Description
Italian Pastina Soup is a classic, comforting Italian soup featuring tiny pasta cooked in savory chicken broth, enriched with a delicate egg and Parmesan cheese ribbon to create a satisfying and nourishing meal. Perfect for a quick dinner or when feeling under the weather, this soup is simple to prepare and can be easily customized with additions like chicken or spinach.
Ingredients
Scale
Soup Base
- 6 cups low-sodium chicken broth
- 3/4 cup pastina (or other tiny pasta like acini di pepe or stelline)
Egg Mixture
- 1 egg
- 2 tablespoons grated Parmesan cheese (plus more for serving)
Seasoning
- 1 tablespoon unsalted butter
- Salt, to taste
- Black pepper, to taste
- Chopped fresh parsley for garnish (optional)
Instructions
- Bring broth to a boil: In a medium saucepan, heat the chicken broth over medium-high heat until it reaches a rolling boil.

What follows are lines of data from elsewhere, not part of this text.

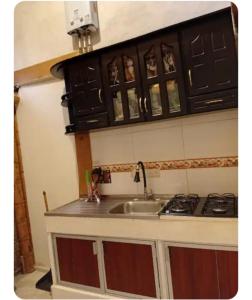 a kitchen with a sink and a stove and cabinets at Guaduales Apartamento in Salento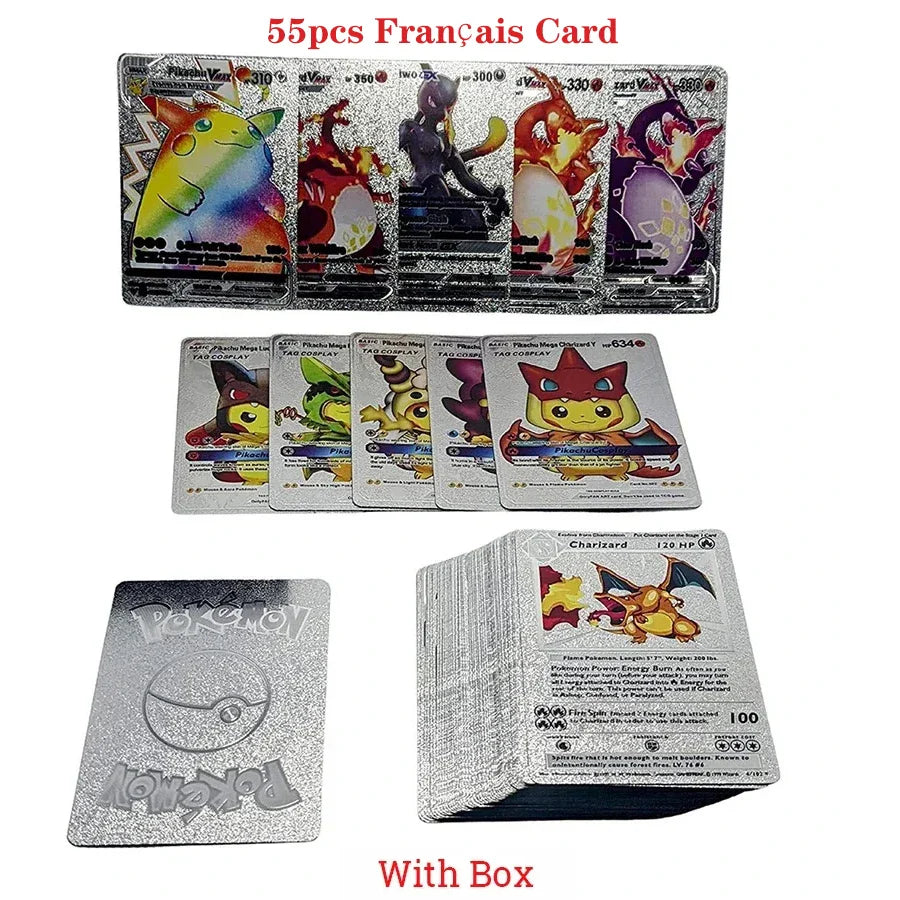 110-27Pcs Pokemon Gold Foil Card VMAX GX VSTAR Cards English French German Spanish Charizard Pikachu Arceus Silver Pokemon Cards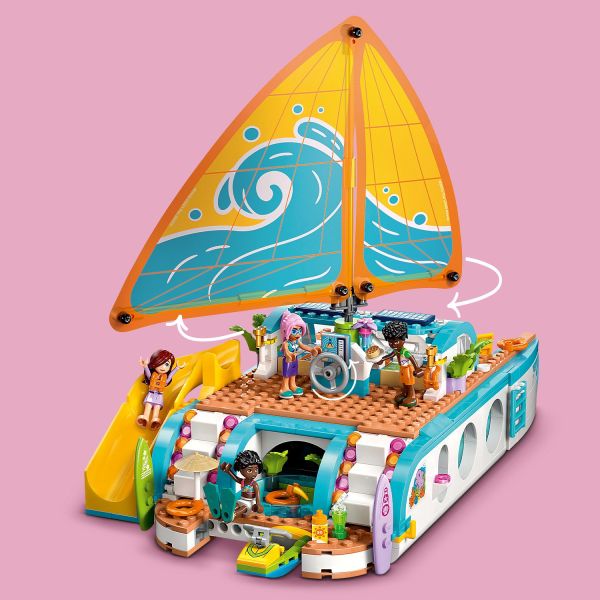 Realistic details include a sail that moves when kids turn the wheel.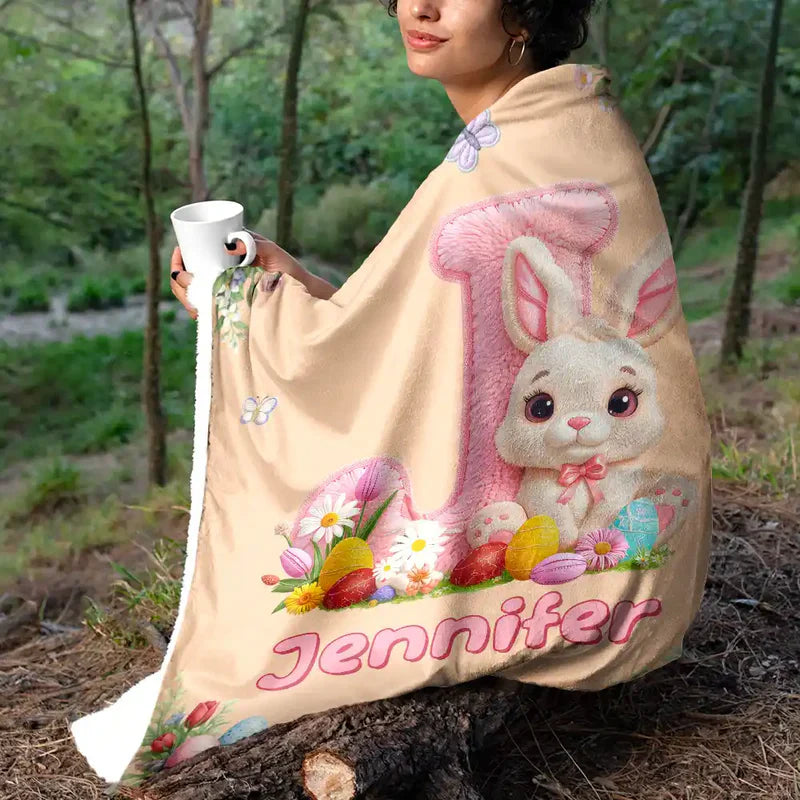 Personalized Easter Bunny Blanket for Kids - Soft Plush with Name Customization Blanket MagicInPrints
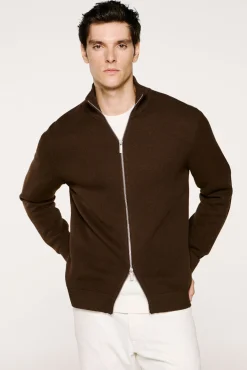 Selected Camisolas-Blusão com malha 100% algodão orgânico Castanho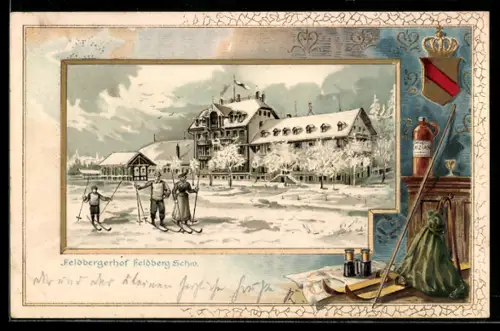 Passepartout-Lithographie Feldberg, Skifahrer, Feldberger Hof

- Cook the pastina: Add the pastina to the boiling broth. Cook according to package directions, typically about 5 to 7 minutes, until the pasta is tender but still holds its shape.
- Prepare egg and cheese mixture: While the pasta is cooking, whisk together the egg and grated Parmesan cheese in a small bowl until well combined.
- Create egg ribbons: When the pasta is cooked, reduce heat to low. Slowly drizzle the egg mixture into the soup while gently stirring in a circular motion to form delicate egg ribbons, similar to egg drop soup texture.
- Finish the soup: Stir in the unsalted butter until fully melted. Season the soup with salt and black pepper to your preference.
- Serve and garnish: Ladle the hot soup into bowls. Top with additional grated Parmesan and chopped fresh parsley if desired, and serve immediately.
Notes
- For added heartiness, stir in shredded cooked chicken or fresh spinach just before serving.
- For a creamier version, add a splash of milk or cream at the end of cooking.
- This soup is a comforting meal especially suitable for kids or anyone feeling under the weather.